# marine toilet leak



## bizkit (Mar 10, 2011)

laika ecovip 10.1. hi everyone,im having a problem with a leak from the drain sluice on the botom of my marine style toilet tank.The sluice opens and closes positively and i have squirted water into the tank from the toilet with a hose incase there is something(yuk!)breaching the seal.It just appears the seal no longer holds back the waste and needs changing.Does anyone have any experience of doing this job including sourcing parts and costs or is it a bit beyond diy and a job for southdowns ? thanks.


----------



## snailsontour (May 1, 2005)

Assuming it is empty try removing the valve and seeing if anything is causing the problem - chalk deposits, paper, etc. If it needs spares/replacements then try CAK Tanks, or failing that Southdowns.
Bob


----------



## PAT4NEIL (Jul 21, 2007)

I had exactly the same problem a few years ago with our laika.

I eventually replaced the item , it simply unscrews.
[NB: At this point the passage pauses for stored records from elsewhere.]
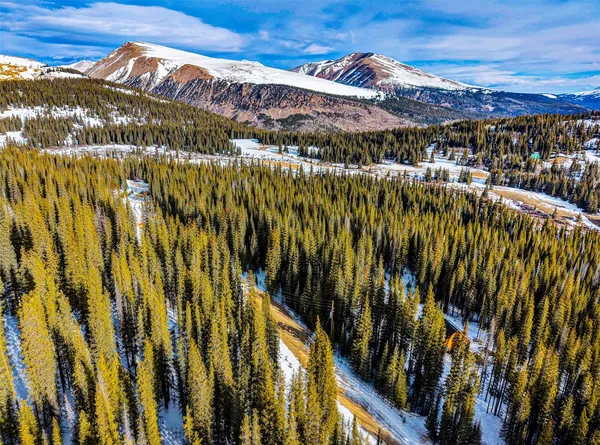 $53,700 | 345 Bum Drive, Fairplay, CO 80440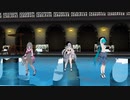 【MMD】 If You Do Do 威風堂堂 Pomp and Circumstance Off vocal IA Haku Miku Plz set to 1080p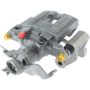 CENTRIC PARTS 141.61576 Centric Semi-Loaded Brake Caliper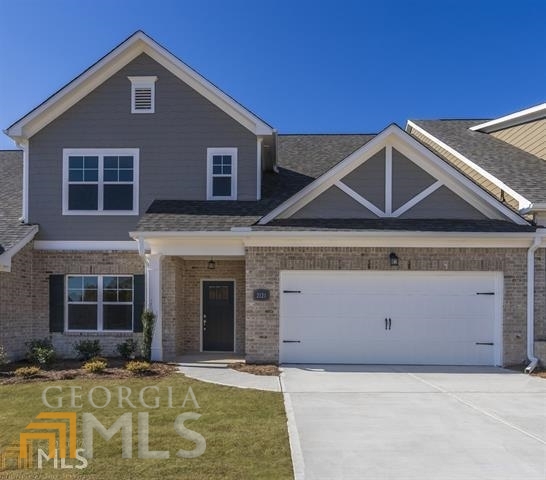 Gladstone Landing community photo 1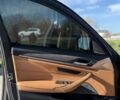 Сірий БМВ 5 Серія, об'ємом двигуна 2 л та пробігом 65 тис. км за 32900 $, фото 42 на Automoto.ua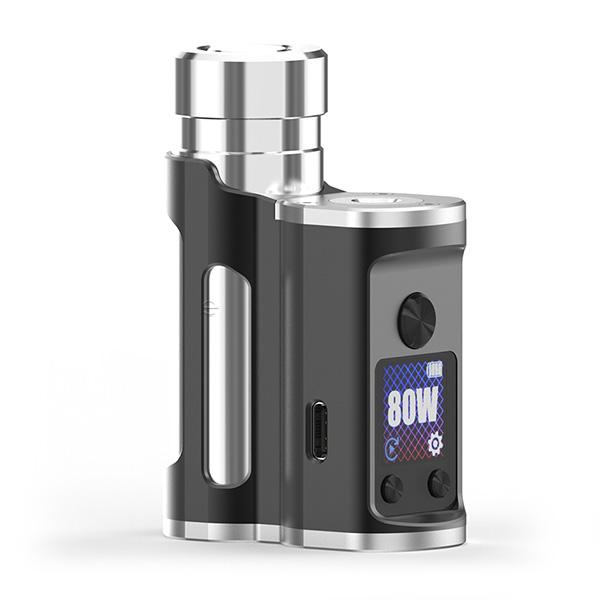 Mechvape Paramour DNA 80C SBS Mod Akkuträger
However, getting parts from Southdowns is an adventure in itself

I would start trying to identify a suitable replacement with CAK first 

Good luck and keep your mouth tightly closed when un screwing it

Neil


----------



## bizkit (Mar 10, 2011)

thanks,i have now dismantled everything to get to the problem and have discovered that the leak is above the gate valve where it joins the waste tank.i removed the gate valve and re sealed and tightened the join where it was loose.after i put it all back together and tested it it now leaks from the gate valve where i have disturbed it  .anybody know if the seals are compatible with thetford ones or have i got to go to a marine shop or southdowns,?ta.


----------



## bizkit (Mar 10, 2011)

i managed to get a couple of seals from CAK,all fitted and sorted now,thanks.


----------



## Adewatson (Sep 2, 2011)

Hi, I too seem to have slight leaks from my marine toilet. Are you able to provide the part numbers you ordered from CAK? Thanks in advance. Adrian


----------